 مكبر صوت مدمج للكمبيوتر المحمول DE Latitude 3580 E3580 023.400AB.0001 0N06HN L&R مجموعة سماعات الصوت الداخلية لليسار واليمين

--

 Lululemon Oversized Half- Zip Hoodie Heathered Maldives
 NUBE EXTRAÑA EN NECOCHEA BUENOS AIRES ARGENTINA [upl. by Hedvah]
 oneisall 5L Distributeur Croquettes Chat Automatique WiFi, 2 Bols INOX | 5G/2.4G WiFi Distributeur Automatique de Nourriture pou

...

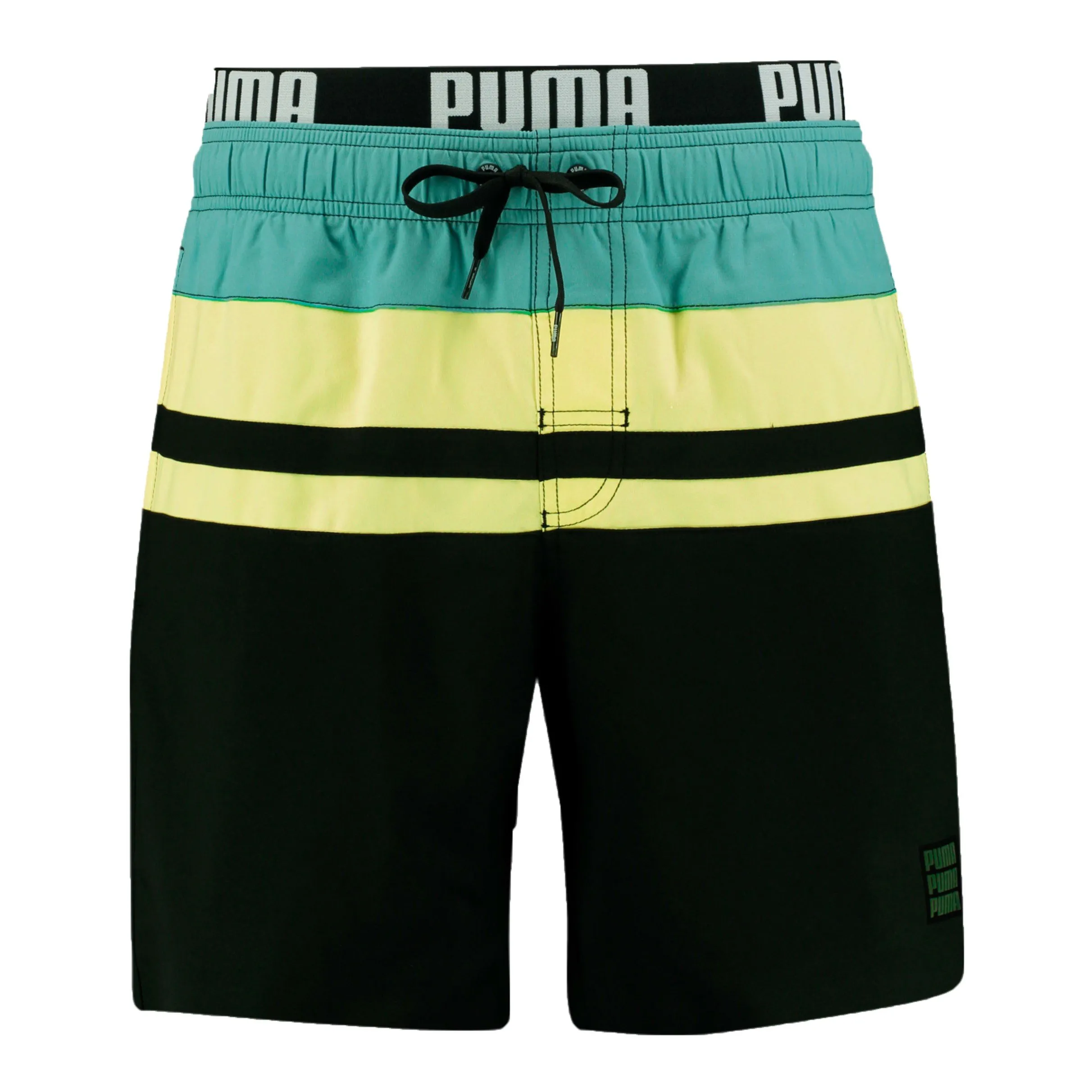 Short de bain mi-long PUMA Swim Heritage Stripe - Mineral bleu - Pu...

_EXERCISE DETAILS_
Repeat exactly the lines of the listing above, from the one with "NUBE EXTRAÑA EN" down to the one with "oneisall 5L Distributeur"; both of those lines belong in the range.

_WRITTEN ANSWER_
 NUBE EXTRAÑA EN NECOCHEA BUENOS AIRES ARGENTINA [upl. by Hedvah]
 oneisall 5L Distributeur Croquettes Chat Automatique WiFi, 2 Bols INOX | 5G/2.4G WiFi Distributeur Automatique de Nourriture pou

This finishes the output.